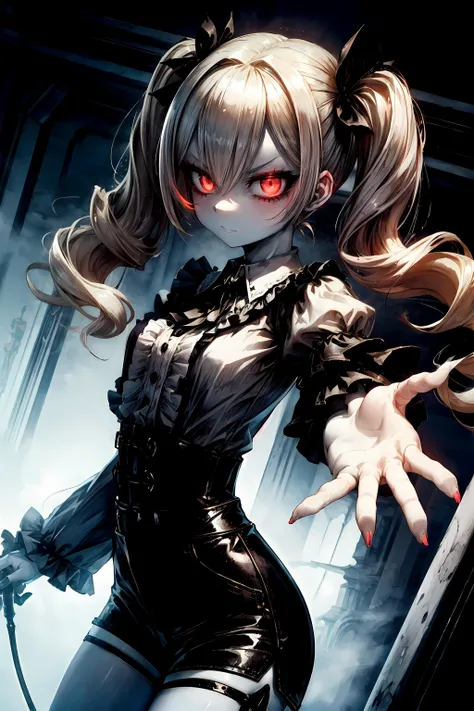 dark, dutch angle, foreshortening, cowboy shot, evil, rim lighting, masterpiece, best quality, shiny skin, pale skin, glowing red eyes, twintails, platinum blonde hair, wavy hair, frilled shirt collar, frilled sleeves, juliet sleeves, white shirt, white high-waist shorts, red eyeshadow, <lora:more_details:0.5>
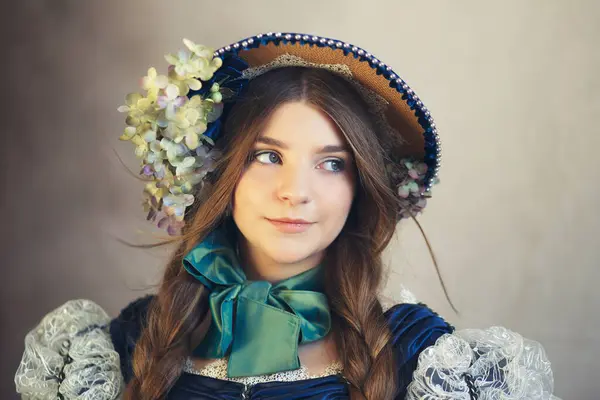 Young Teenage Woman Portrait Regency Era Bonnet Hat Close Stock Photo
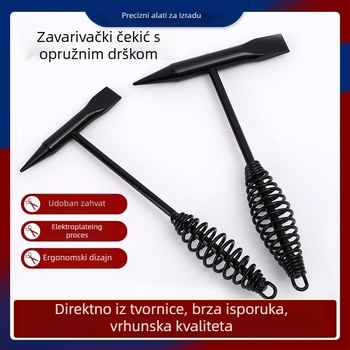 Električarski čekić s oprugom za zavarivanje, glava od visokougljičnog čelika, drška od čelika, 300g/500g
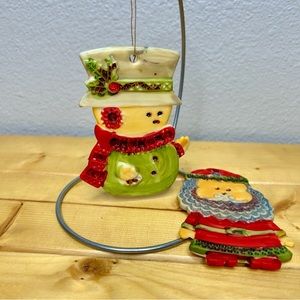 Bakelite? Melamine? Craft Project Snowman and Santa Claus Christmas Ornaments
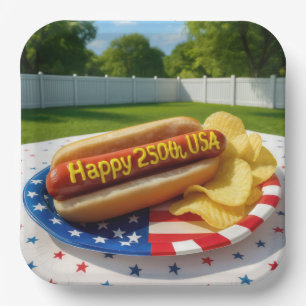 Assiettes En Carton Gâteau de saucisse pour les 250 ans des États-Unis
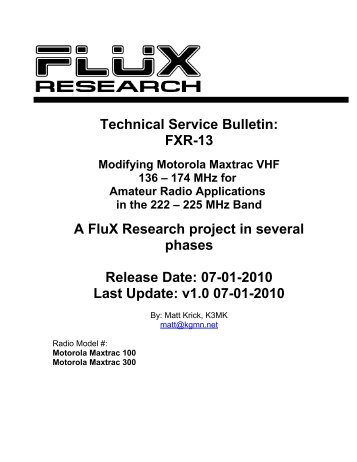Matt Krick - FluX Research Technical Service Bulletin - FXR ... - Hakim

Assigned task >> Exactly as written, give every entry again, but not the pictures.

Task response >>
 dark, dutch angle, foreshortening, cowboy shot, evil, rim lighting, masterpiece, best quality, shiny skin, pale skin, glowing red eyes, twintails, platinum blonde hair, wavy hair, frilled shirt collar, frilled sleeves, juliet sleeves, white shirt, white high-waist shorts, red eyeshadow, <lora:more_details:0.5>
 Young Teenage Woman Portrait Regency Era Bonnet Hat Close Stock Photo
 Električarski čekić s oprugom za zavarivanje, glava od visokougljičnog čelika, drška od čelika, 300g/500g
 Bakelite? Melamine? Craft Project Snowman and Santa Claus Christmas Ornaments
 Assiettes En Carton Gâteau de saucisse pour les 250 ans des États-Unis
Matt Krick - FluX Research Technical Service Bulletin - FXR ... - Hakim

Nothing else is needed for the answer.